Murakami’s nameless narrator is a portrait artist who attempts to document the turbulent nine months following his flight from a failed marriage. He settles in the remote mountain home of Tomohiko Amada, a famous ex-painter and his friend’s father. There, he uncovers the evocative painting Killing Commendatore, an Asuka-style depiction of the opening scene from Mozart’s opera Don Giovanni (art within art within art?), which ultimately takes him down a rabbit hole of self-discovery. Thrown in there somewhere is a ringing bell from a pit in the woods, a thirteen-year-old girl obsessed with the size of her breasts, and a Gatsby-esque tycoon living in a mansion across the valley on an elaborate mission to prove said girl is his daughter. Best of all is the “sentient idea”, a two-foot-tall apparition of the Commendatore from the painting, who acts as a kind of tour guide in Murakami’s museum of magical realism. “The truth is a symbol, and symbols are the truth,” he says. “It’s best to grasp symbols the way they are”. He also warns against an “underworld haunted by double metaphors”. I don’t understand – but I’m not sure Murakami wants me to.

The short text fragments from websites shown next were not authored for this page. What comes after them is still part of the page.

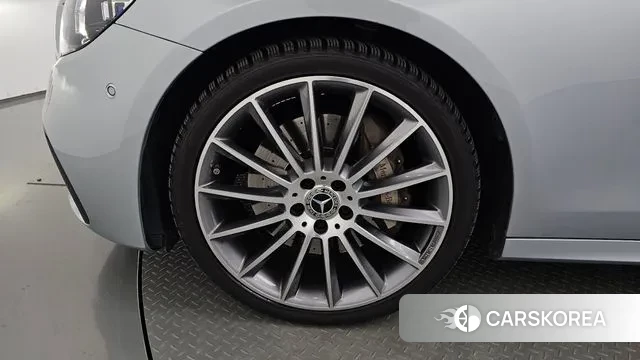 Mercedes-Benz E-Class W213 id 3437989 из Кореи 15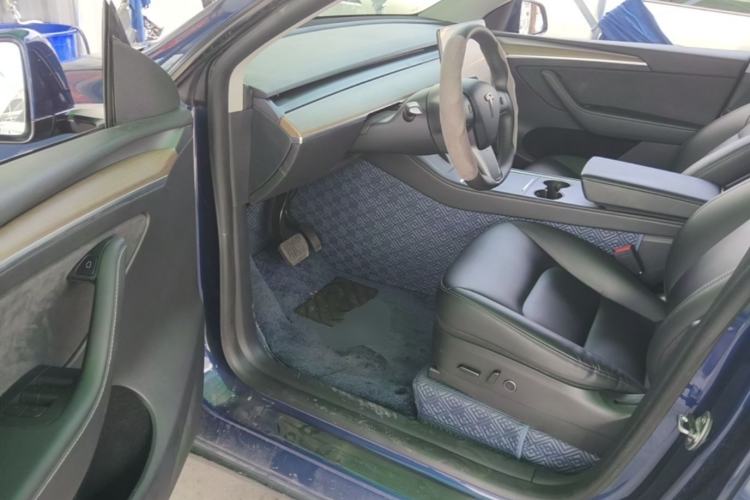 Used Tesla Model Y 2021 Long-Range All-Wheel-Drive Version Driver Seat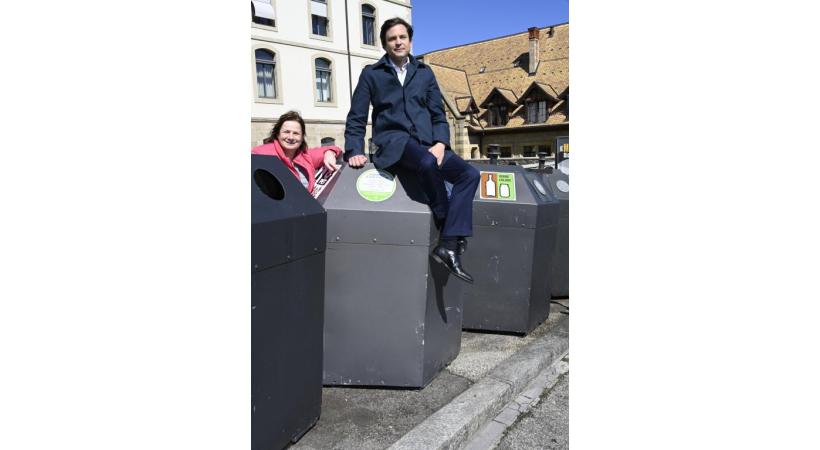 Les conseillers administratifs Esther Alder et Guillaume Barazzone. Le nouveau service permettra aussi d’offrir des petits jobs à des jeunes. CHRISTIAN BONZON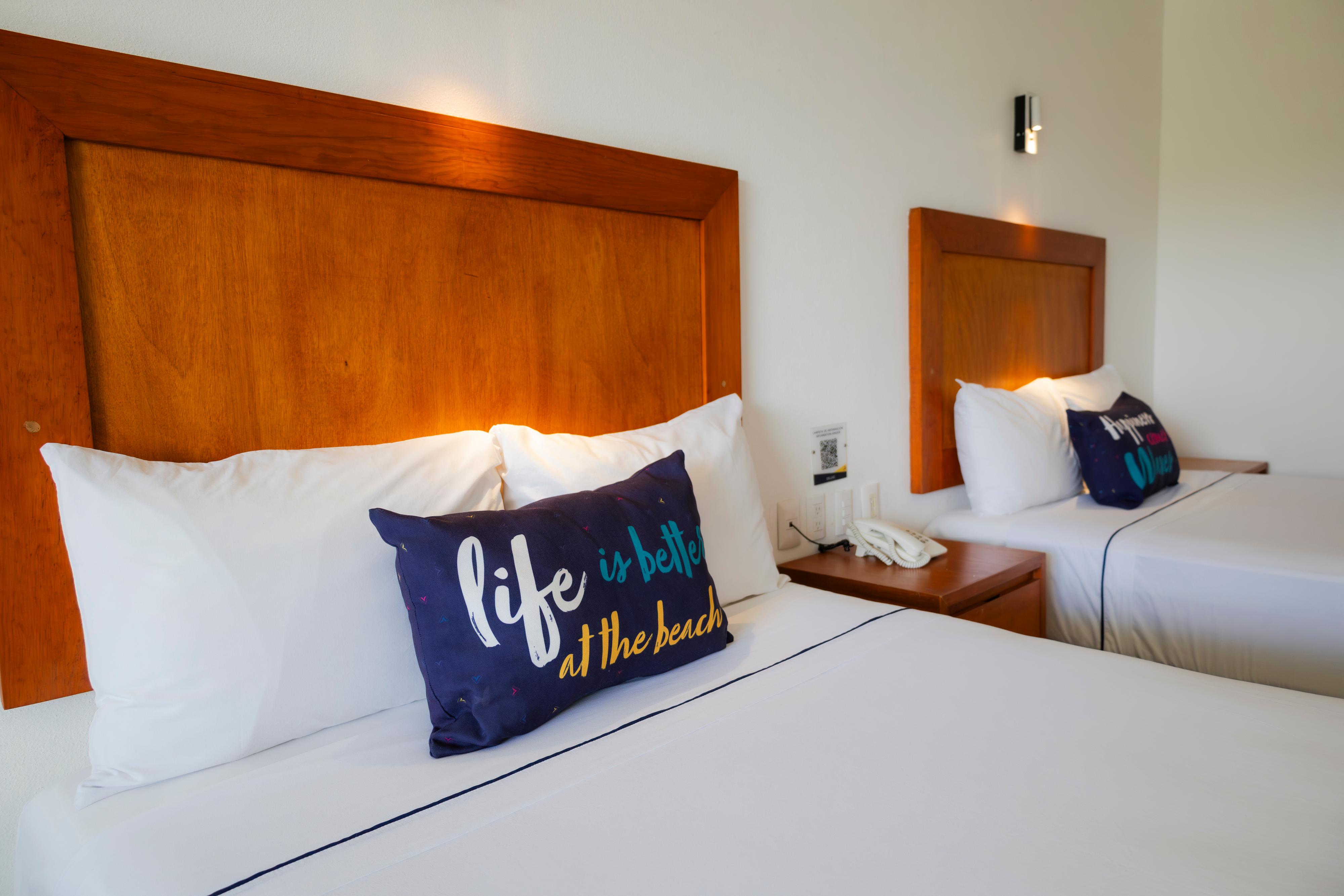 Deluxe room with balcony  at annex building.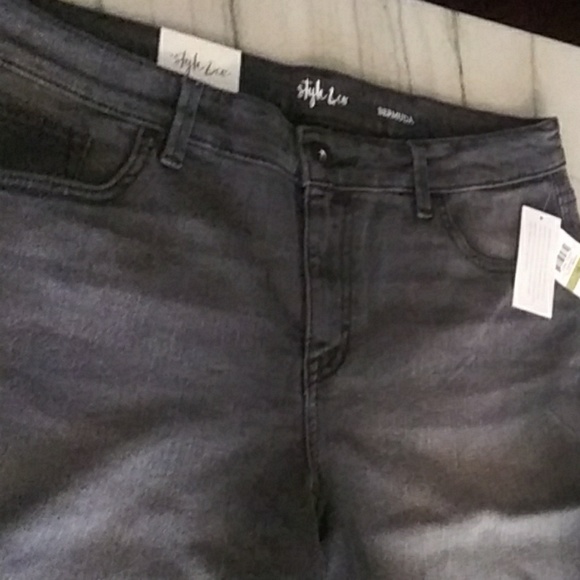 Shorts - Picture 5 of 6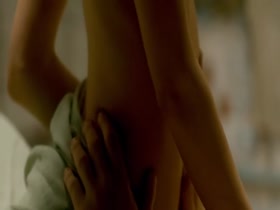 Analeigh Tipton In Two Night Stand 10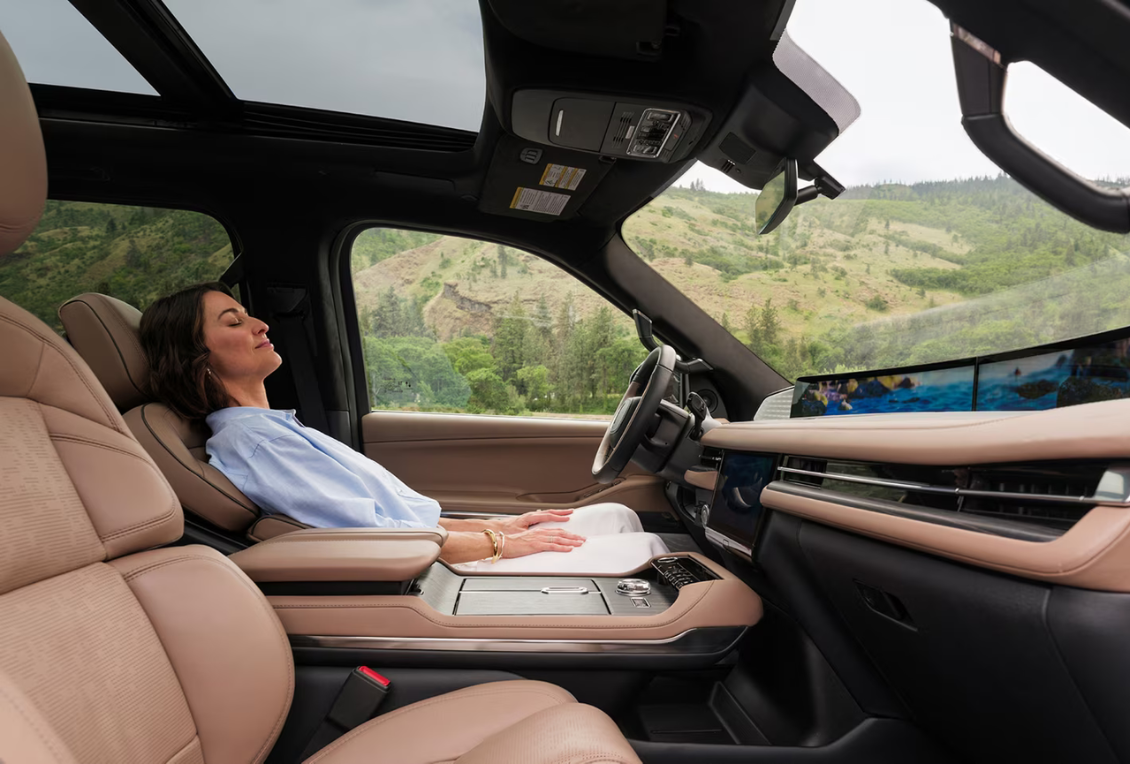 Lincoln MKT_3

The oscillation between natural and supernatural is seamless. It becomes impossible to extract one from the other. Boundaries “always seem to be shifting […] we need to pay close attention to that movement otherwise we won’t know which side we’re on”. The plot is so ludicrous that it’s hard to believe this is Murakami’s fourteenth novel; it has the chaotic nature of a debut. But (and this is the source of our wonderful confusion) Murakami’s writing, at all points, remains exquisitely controlled. Perhaps here it’s worth mentioning his legendary daily routine when working on a novel. “I wake up at four a.m.,” he explains in a 2004 interview for the Paris Review, “and work continuously for five to six hours. In the afternoon, I run ten kilometers, read a bit or listen to music, and go to bed at nine p.m.” He describes the routine, to which he adheres without variation for six months to a year, as “a form of mesmerism”. To remain grounded, to regulate the pace of his writing in the face of a tumultuous and volatile plot line, “is like survival training,” he continues. “Physical strength is as necessary as artistic sensitivity.”

Murakami’s narrator likes to leave some of his portraits unfinished, and, suitably, the ending of Killing Commendatore leaves a multitude of questions unanswered. The narrator simply returns home to make amends with his ex-wife. Maybe he has been liberated as an artist; maybe he has rebuilt his identity from the initial wreckage of the relationship. But he echoes my mild dismay with the line “I couldn’t be sure if I had moved forward or fallen behind, or if I was just circling over the same spot”.

It seems like both characters and reader have traversed the depths of the ocean, only to be dragged anticlimactically to the surface. But with this comes an awareness of the transcendence of art, and the knot of magical realism we have left behind. “If this was a dream, then the world I’m living in itself must be a dream,” Murakami insists. “The objective does not necessarily surpass the subjective, you know – reality does not necessarily extinguish fantasy”. Killing Commendatore is a reminder of the enchantment within life’s humdrum events – to disregard it is to disregard life itself.